The first Wonder Woman is set in the time of World War I, when Chris Pine plays a pilot. Wonder Woman 1984 is set in … 1984. So there’s some time passed there, and they can no longer (if they want to be story-consistent) have young, beautiful Chris Pine in the movie; that doesn’t make sense.
So instead, Gal Godot, young and immortal because Wonder Woman and all that, is approached by some rando at a public event. He hits her with something only Chris Pine would say. Slaps Chris Pine’s old wristwatch into her hand. It’s him. Her old flame. They go back to his room. We see the rando in the room, but there’s Chris Pine in the mirror, and from here on out, rando dude disappears and we only see our beautiful, rugged, contractually-obligated Chris Pine in the movie.
But like … how? I mean, I get it. Chris Pine’s soul or whatever has wound up in this random dude, but the movie has no interest in explaining how or why he got there. Wonder Woman literally asks him “how” and he’s all “I have no idea,” and that’s about as close as the movie gets to explaining this.
This is bad storytelling.
This is not in and of itself a bad plot idea — and certainly it’s been done in movies before, to better or worse effect. But here, it’s handled so badly that my eyebrows shot up to the top of my head and did not return to normal until hours after the movie was over and I had fallen asleep. I mean, explaining this thing away is easy, right? There is, literally, magic in the world when Wonder Woman is involved. The first movie’s big villain is the Greek God of War, for heck’s sake. Literally call on any god watching out for Diana, wanting to do her a favor, to squirt her old flame’s soul into this new husk like Cheez-Whiz into an olive, and bang, there’s your answer. But no, the movie just hand-waves it away and we’re expected to go along.

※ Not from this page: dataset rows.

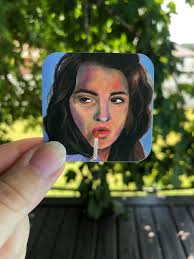 Heather Oil Painting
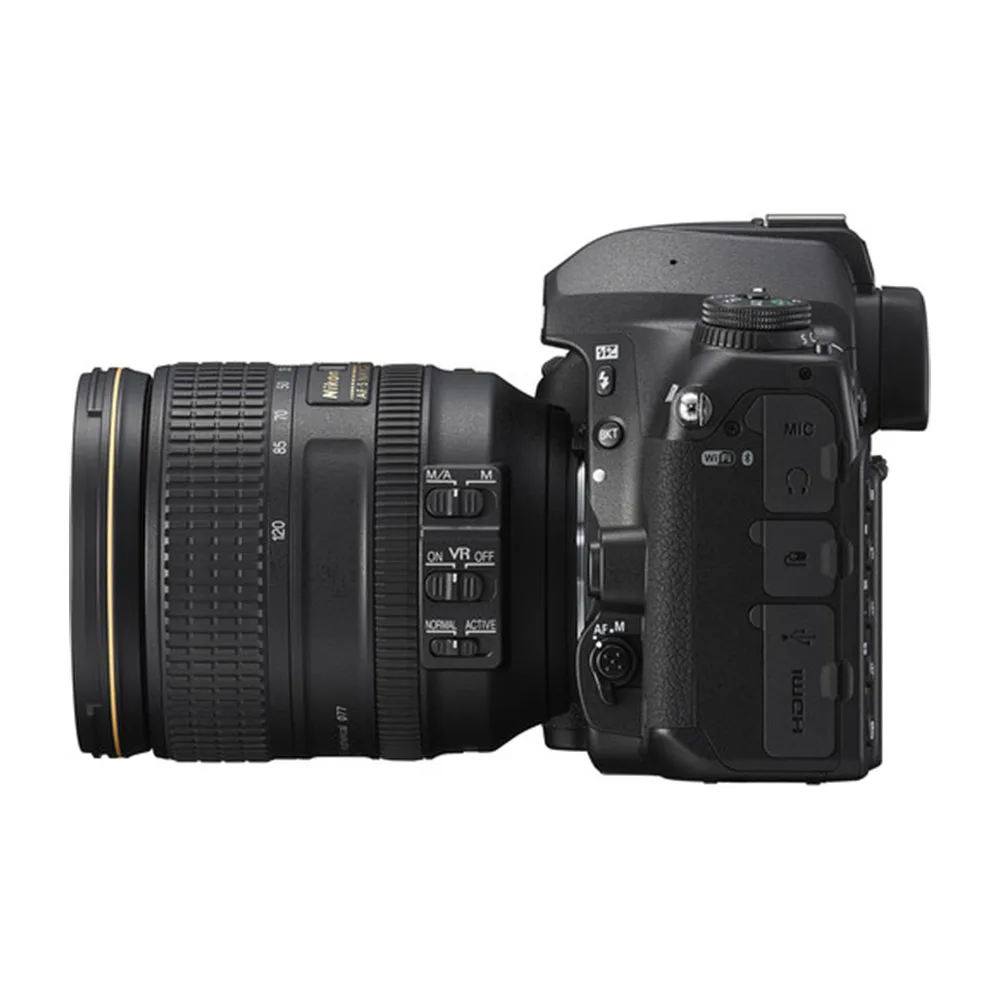 دوربین عکاسی نیکون Nikon D780 DSLR Camera with 24-120mm — تصویر 6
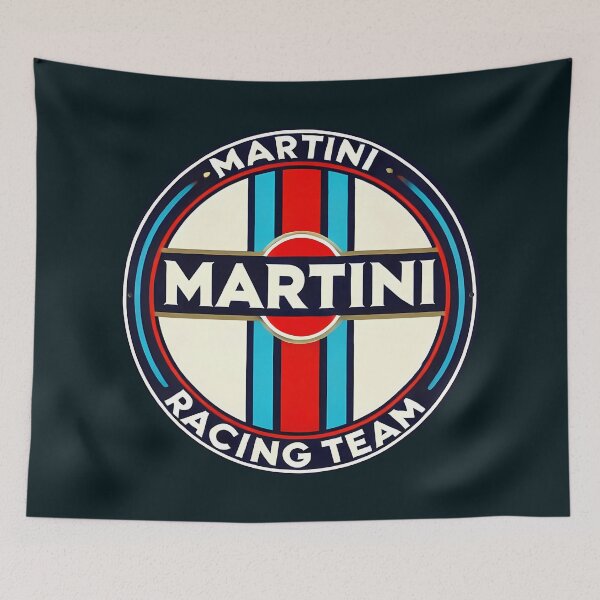 Item preview, Martini Racing Label  designed and sold by HTownApparel.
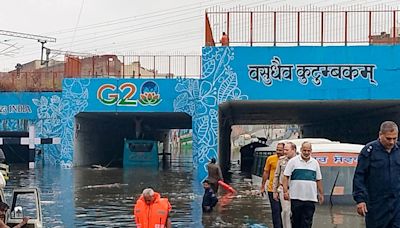 June 28 Delhi Rains 'Akin To a Cloudburst, Challenging to Predict Globally', Says IMD Chief - News18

Or how about this? Start the movie not from Wonder Woman’s perspective (do we really need to go back to the island where the first movie started, aside from the super-obvious plant about not taking shortcuts from princess Buttercup?). Start instead from this rando’s perspective. Show his apartment. He’s obsessed with tracking Wonder Woman. He’s got newspaper clippings of this strange woman at the site of all these strange occurrences, pictures of Diana walking around town. The stereotypical red yarn zig-zagging across a big creepy stalker bulletin board. Dude is obsessed with her and we don’t know why. Feels creepy. Is he the villain? Is he gonna try to kill her? Then we go to the same big event. He’s got his collar pulled up, his hood hiding his face. He sees her. She moves away from the crowd. He makes his move — he’s gonna grab her, DANGIT WONDER WOMAN DON’T GET PUNKED BY THIS FOOL — and there’s the watch. And she knows it, and we know it, and okay, we haven’t explained any more what’s going on with this guy but we’re at least involved and we care about him.

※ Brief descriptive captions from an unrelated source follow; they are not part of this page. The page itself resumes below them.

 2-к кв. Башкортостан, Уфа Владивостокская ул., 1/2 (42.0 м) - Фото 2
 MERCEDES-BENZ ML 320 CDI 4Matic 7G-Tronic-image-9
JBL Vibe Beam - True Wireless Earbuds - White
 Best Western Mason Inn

But we don’t get that. We get a rando who Diana recognizes immediately as her guy and we’re asked not to worry about it. And I can’t do it. If you’re gonna bring back a character who should be dead or at the very least aged into uselessness to go on an adventure with your heroine, you have to at least make an attempt at telling your audience how it’s possible. I mean, audiences maybe aren’t as tough to please now as they were a year or two ago? COVID has softened our hearts. We just want to be entertained. Take us on a journey.
But that doesn’t mean you get to pretend we’re stupid.

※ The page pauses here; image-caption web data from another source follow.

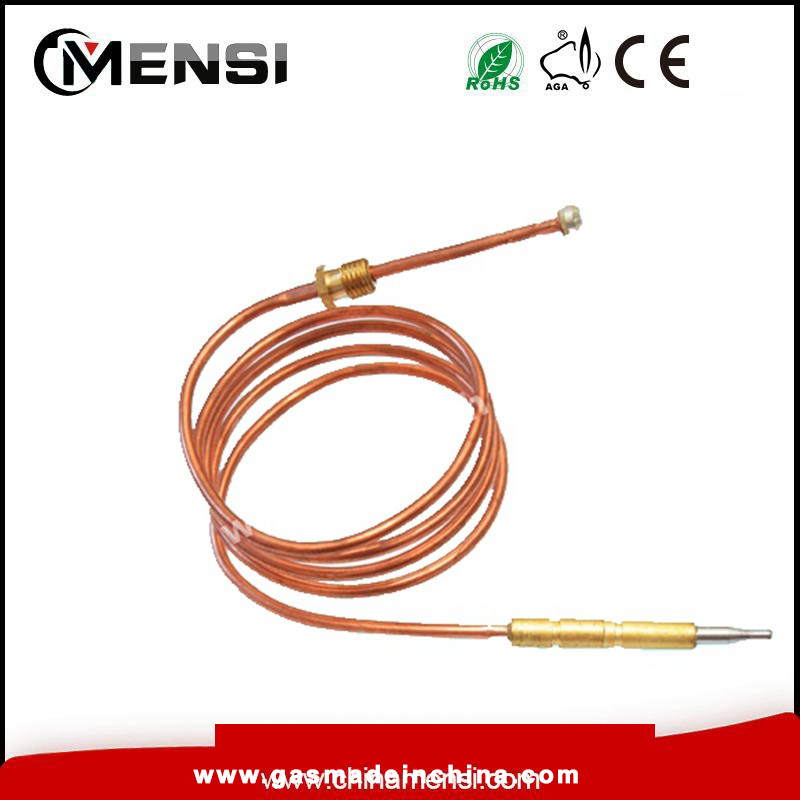 Thermocouple wire for gas grill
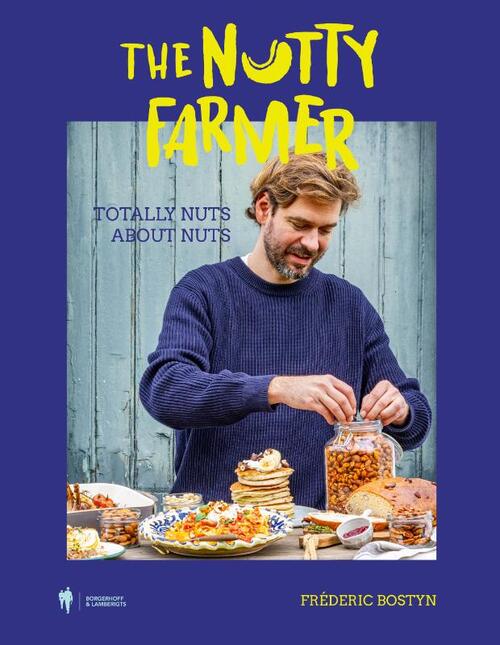 The Nutty Farmer -  Fréderic Bostyn (ISBN: 9789493487635)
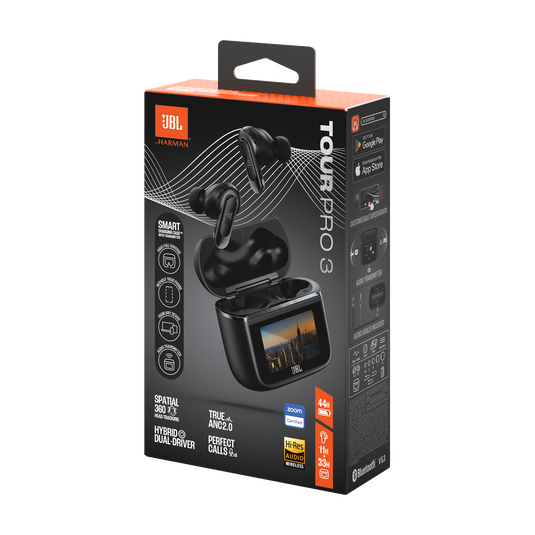 JBL Tour Pro 3 - Imagen 6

And the presence of Chris Pine in this movie says that we’re stupid. It feels like the movie studio throwing up the big middle finger to us, saying “whatever, it’s a Wonder Woman movie and Chris Pine comes with the Wonder Woman movies, so just shut up and sit on your couch and eat your popcorn.”
Is WW84 a good movie?
I really can’t tell you, because I never got past this crap.